Designing Secure Cross-Cluster Communication for Nutanix Part 3: Reverse Tunnel Acceptance

Reverse Tunnel Architecture

This is a continuation of our deep dive into reverse tunnel architecture. In Part 2, we explored how downstream Envoy instances initiate reverse tunnels using custom listeners, socket interfaces, and IOHandles to establish outbound connections. Now, we shift our focus to the upstream side.

Part 3: Accepting Reverse Connections

Let's examine how the upstream (responder) Envoy accepts these tunnels, validates them, and manages them for future use.

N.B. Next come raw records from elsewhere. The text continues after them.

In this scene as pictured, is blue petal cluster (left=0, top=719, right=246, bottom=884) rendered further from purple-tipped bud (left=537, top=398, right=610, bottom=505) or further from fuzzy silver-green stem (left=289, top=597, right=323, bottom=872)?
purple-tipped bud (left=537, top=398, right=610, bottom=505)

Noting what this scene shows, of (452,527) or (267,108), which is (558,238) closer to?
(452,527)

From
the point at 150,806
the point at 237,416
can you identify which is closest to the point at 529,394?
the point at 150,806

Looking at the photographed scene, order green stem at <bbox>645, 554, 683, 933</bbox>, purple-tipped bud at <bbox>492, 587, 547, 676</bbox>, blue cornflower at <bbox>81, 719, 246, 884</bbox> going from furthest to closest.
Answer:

The components we'll discuss here play a critical role not just in accepting tunnels, but also in the entire lifecycle of data requests that flow through them (which we'll explore in detail in the next blog).

Intercepting the Handshake: The Reverse Tunnel Network Filter

When a downstream Envoy initiates a reverse tunnel, it makes a TCP connection to the upstream Envoy and sends an HTTP handshake request. But how does the upstream Envoy know this is a reverse tunnel handshake rather than a normal HTTP request? This is where the reverse tunnel network filter comes in.

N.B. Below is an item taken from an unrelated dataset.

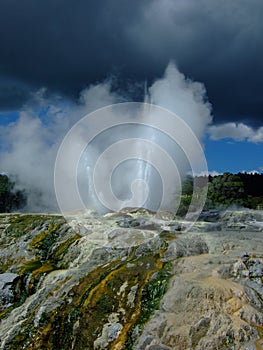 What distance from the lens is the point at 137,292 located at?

The reverse tunnel network filter (`ReverseTunnelFilter`) is configured on specific listeners on the upstream Envoy—typically listeners dedicated to accepting reverse tunnel connections. When a new TCP connection arrives, this filter intercepts it before any application-level processing happens. It operates at the network filter level, sitting below the HTTP connection manager in Envoy's filter chain, which gives it first access to the raw connection.

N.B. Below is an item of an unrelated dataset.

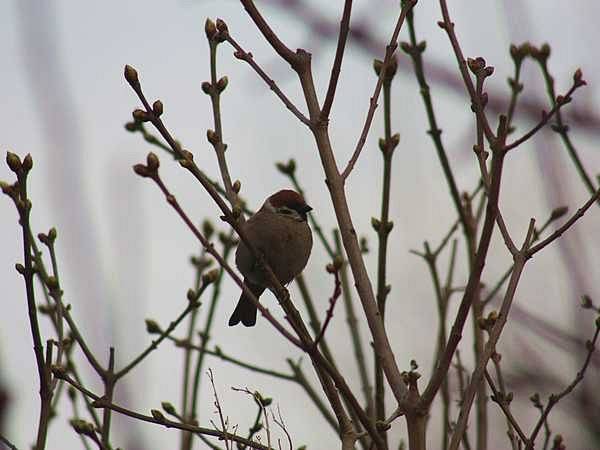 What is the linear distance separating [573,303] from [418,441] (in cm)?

The filter examines the incoming HTTP/1.1 request and performs several critical validation steps:

Path and Method Validation: First, it checks if the request matches the expected reverse tunnel handshake pattern. By default, it expects GET /reverse_connections/request, though both the path and method are configurable. If the request doesn't match, it immediately responds with 404 Not Found and closes the connection. This ensures that only properly formatted handshake requests are processed as reverse tunnels.

Identity Extraction: If the path validates, the filter extracts three identity headers from the request:

x-envoy-reverse-tunnel-node-id: The unique node identifier
x-envoy-reverse-tunnel-cluster-id: The cluster this node belongs to
x-envoy-reverse-tunnel-tenant-id: The tenant identifier for multi-tenancy isolation

If any of these headers are missing, the filter rejects the handshake with `400 Bad Request`. These identifiers become the keys for routing data requests back through this tunnel later.

Flexible Authorization: The filter supports pluggable authorization through Envoy's substitution formatter system. Think of it like a bouncer checking IDs at a club—the reverse tunnel filter checks if the identity claimed in the handshake matches what we expect.

Here's how it works: when a handshake arrives, it contains headers claiming "I am node_123 from cluster_west." But should we trust this? The validator lets us verify these claims against trusted sources.

Example Used Case: Allowlist Validation

Imagine you run a cloud service that only wants to accept tunnels from pre-approved on premises clusters. You maintain an allowlist in a database or configuration system. An earlier filter (like ext_authz or ext_proc) queries your allowlist and stores the expected node ID in dynamic metadata. The reverse tunnel filter then validates:


validation:
node_id_format:"%DYNAMIC_METADATA(envoy.reverse_tunnel.allowlist:expected_node_id)%"
emit_dynamic_metadata: true

When a connection claiming to be "node_123" arrives, the filter checks: "Does the expected node ID from my allowlist match what this connection claims?" If yes, accept with 200 OK. If no, reject with 403 Forbidden.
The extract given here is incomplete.